On this week's eco@africa, we have an exciting new format! With KTN on board, Nneota Egbe will be joined by co-presenter Edith Kimani. Based in Nairobi, she will bring stories from Kenya and other countries in the region to create the first pan-African environment show - with a European element, of course.
As eco@africa viewers will know, the past six months have been an exciting whirlwind of environmental activity. Presenter Nneota Egbe has taken us on trips around Europe and Africa, exploring imaginative renewable energy sources, revealing incredible new uses for discarded plastic, and searching for ways to cut back on food waste.
We have been underground to see how a disused coal mine has been transformed into a storage plant for green power, we have seen fishermen in Cape Verde turn to the sun to keep their fish cool, strutted our stuff on a sustainable dance floor, ventured into Nigeria's world of hydroponics, been to a repair café in Berlin and seen just how much we need the lowly earthworm. And so much more.

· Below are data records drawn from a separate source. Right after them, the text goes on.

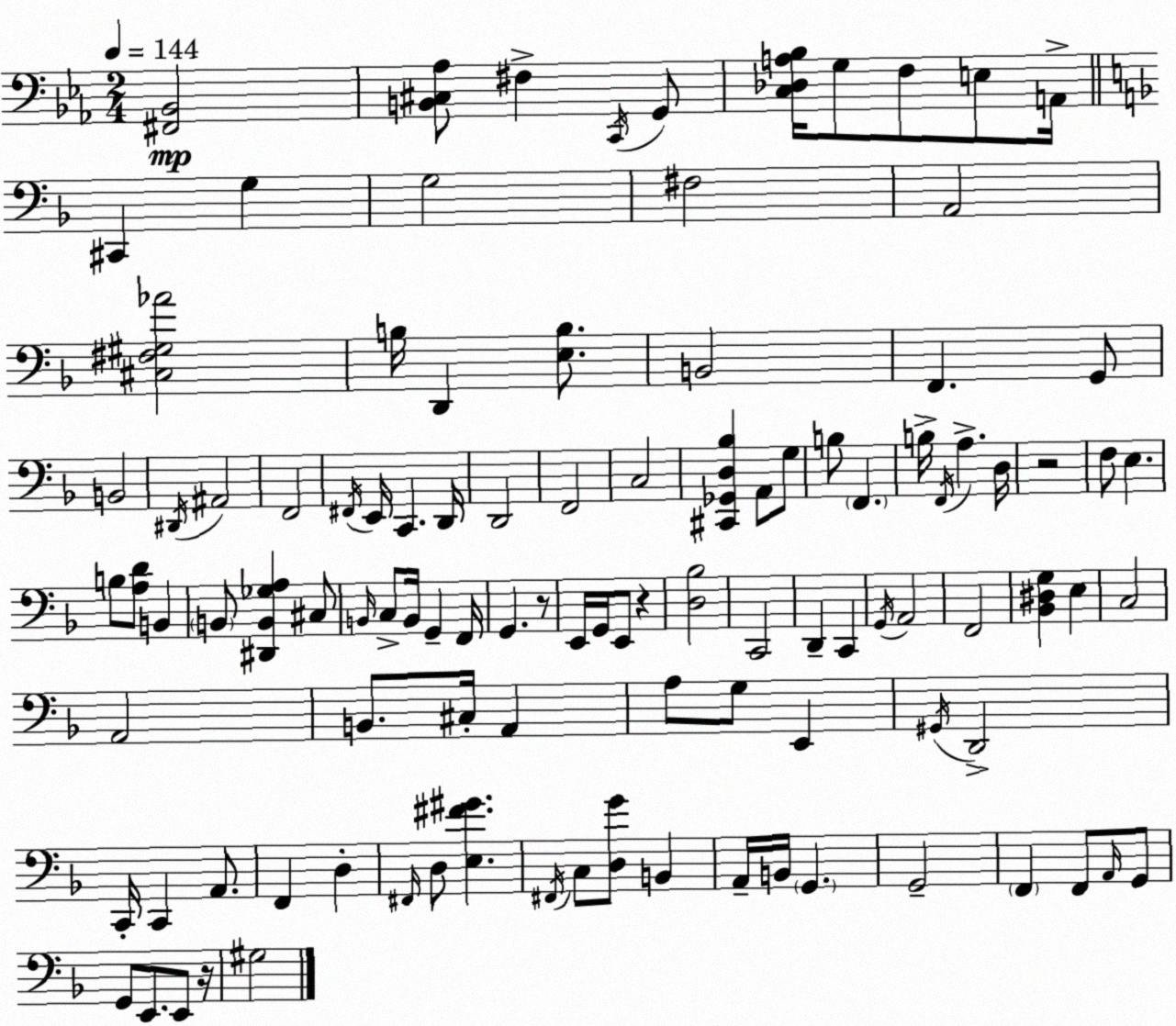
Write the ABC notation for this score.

X:1
T:Untitled
M:2/4
L:1/4
K:Cm
[^F,,_B,,]2 [B,,^C,_A,]/2 ^F, C,,/4 G,,/2 [C,_D,A,_B,]/4 G,/2 F,/2 E,/2 A,,/4 ^C,, G, G,2 ^F,2 A,,2 [^C,^F,^G,_A]2 B,/4 D,, [E,B,]/2 B,,2 F,, G,,/2 B,,2 ^D,,/4 ^A,,2 F,,2 ^F,,/4 E,,/4 C,, D,,/4 D,,2 F,,2 C,2 [^C,,_G,,D,_B,] A,,/2 G,/2 B,/2 F,, B,/4 F,,/4 A, D,/4 z2 F,/2 E, B,/2 [A,D]/2 B,, B,,/2 [^D,,B,,_G,A,] ^C,/2 B,,/4 C,/2 B,,/4 G,, F,,/4 G,, z/2 E,,/4 G,,/4 E,,/2 z [D,_B,]2 C,,2 D,, C,, G,,/4 A,,2 F,,2 [_B,,^D,G,] E, C,2 A,,2 B,,/2 ^C,/4 A,, A,/2 G,/2 E,, ^G,,/4 D,,2 C,,/4 C,, A,,/2 F,, D, ^F,,/4 D,/2 [E,^F^G] ^F,,/4 C,/2 [D,G]/2 B,, A,,/4 B,,/4 G,, G,,2 F,, F,,/2 A,,/4 G,,/2 G,,/2 E,,/2 E,,/2 z/4 ^G,2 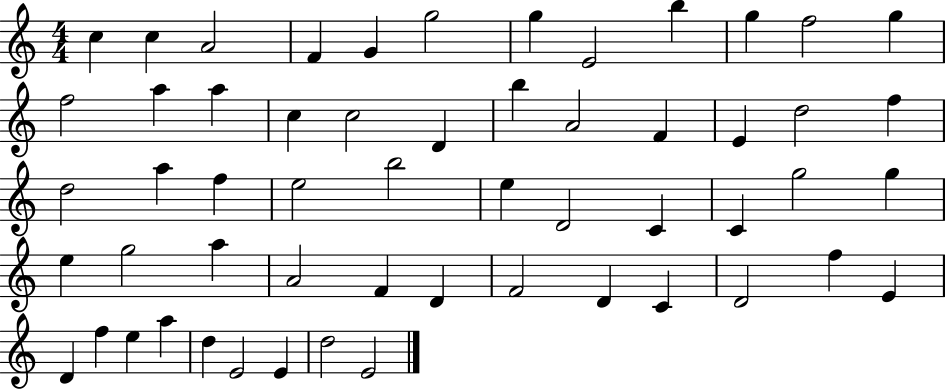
C5/q C5/q A4/h F4/q G4/q G5/h G5/q E4/h B5/q G5/q F5/h G5/q F5/h A5/q A5/q C5/q C5/h D4/q B5/q A4/h F4/q E4/q D5/h F5/q D5/h A5/q F5/q E5/h B5/h E5/q D4/h C4/q C4/q G5/h G5/q E5/q G5/h A5/q A4/h F4/q D4/q F4/h D4/q C4/q D4/h F5/q E4/q D4/q F5/q E5/q A5/q D5/q E4/h E4/q D5/h E4/h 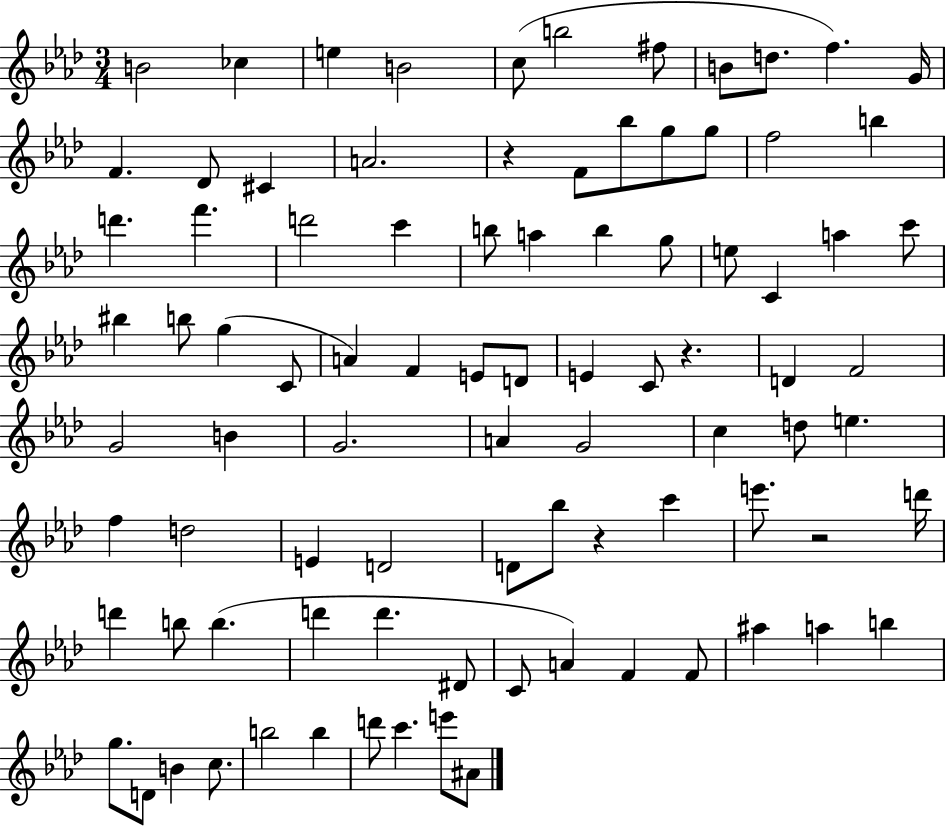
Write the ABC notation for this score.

X:1
T:Untitled
M:3/4
L:1/4
K:Ab
B2 _c e B2 c/2 b2 ^f/2 B/2 d/2 f G/4 F _D/2 ^C A2 z F/2 _b/2 g/2 g/2 f2 b d' f' d'2 c' b/2 a b g/2 e/2 C a c'/2 ^b b/2 g C/2 A F E/2 D/2 E C/2 z D F2 G2 B G2 A G2 c d/2 e f d2 E D2 D/2 _b/2 z c' e'/2 z2 d'/4 d' b/2 b d' d' ^D/2 C/2 A F F/2 ^a a b g/2 D/2 B c/2 b2 b d'/2 c' e'/2 ^A/2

The new show will continue to bring you an eclectic mix of stories that highlight the environmental problems we all face, and present possible solutions that can be adopted all over the world. We hope you look forward to seeing what we come up with as much as we look forward to making it all happen. Tune in on Saturday for the first edition.
What's coming up this week?
Kenya is set to become the biggest producer of geothermal energy in Africa over the next five years thanks to a major project in the Rift Valley. How does this clean energy work and could the country serve as an example for other states on the continent?
In South Africa, we find out how a quack team of ducks is fighting snail infestations on vineyards and why that's good news for bees and other useful insects.
We also head to Spain, where genetically modified maize is so widely farmed that it's threatening the organic sector. Organic farmers are unable to label their maize as organic due to cross-pollination. That's threatening their livelihoods. But Bayer's recent takeover of seed-producer Monsanto could be set to change things. Tune in to find out more.